→ **Exercise goal**
Your copy starts at the line containing "White Men's Stussy" and ends at the last line below. Copy exactly, without pictures.

→ **Entries shown**
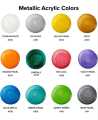 Royal Collection Pigments - Metallic Acrylic Paint Set 12 Colours (36ml Each) Art Craft Paints for Professional Artists Students Kids Beginners, Decorations Canvas Ceramic Wood Rock Painting Art Supplies - Acrylic Metallic Paint Set. 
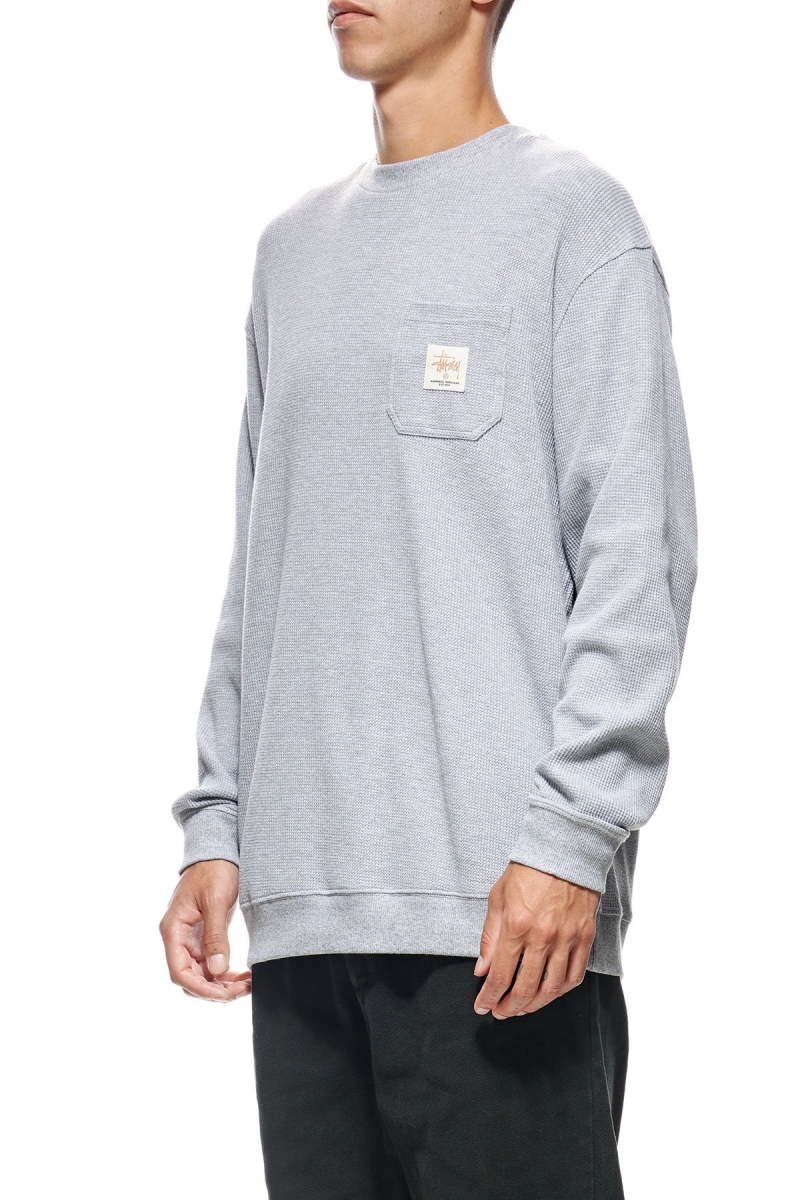 White Men's Stussy Workwear Waffle Crew Sweaters | AU0000862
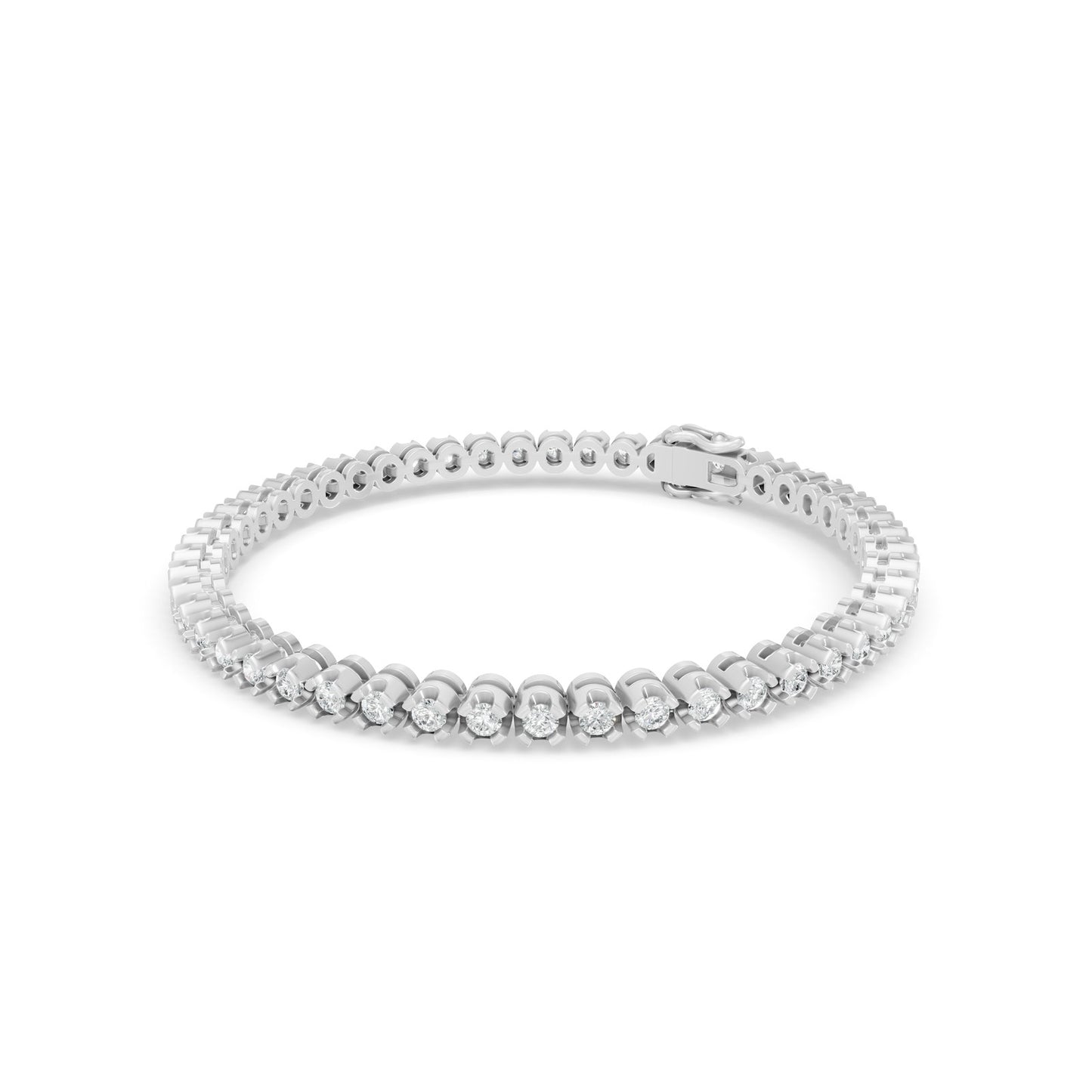 2.89 ctw Diamond Crown Collet 14K White Gold Tennis Bracelet
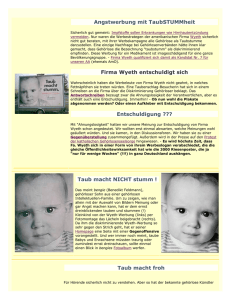 Angstwerbung mit TaubSTUMMheit Firma Wyeth entschuldigt sich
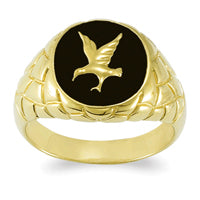 Men's 18K Gold over Sterling Genuine Black Onyx Eagle Ring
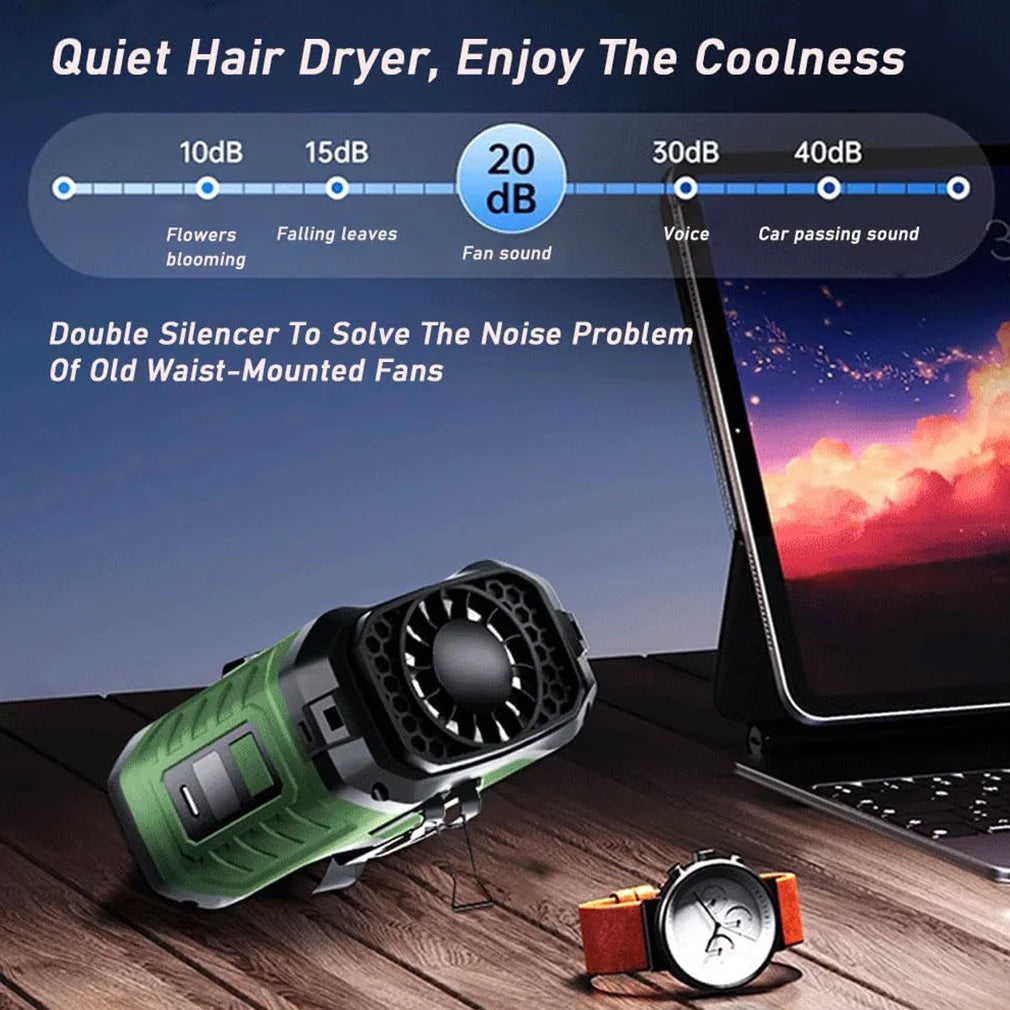 Air cooling fan personal device cools you down.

→ **Written solution**
 White Men's Stussy Workwear Waffle Crew Sweaters | AU0000862
 2.89 ctw Diamond Crown Collet 14K White Gold Tennis Bracelet
 Angstwerbung mit TaubSTUMMheit Firma Wyeth entschuldigt sich
 Men's 18K Gold over Sterling Genuine Black Onyx Eagle Ring
 Air cooling fan personal device cools you down.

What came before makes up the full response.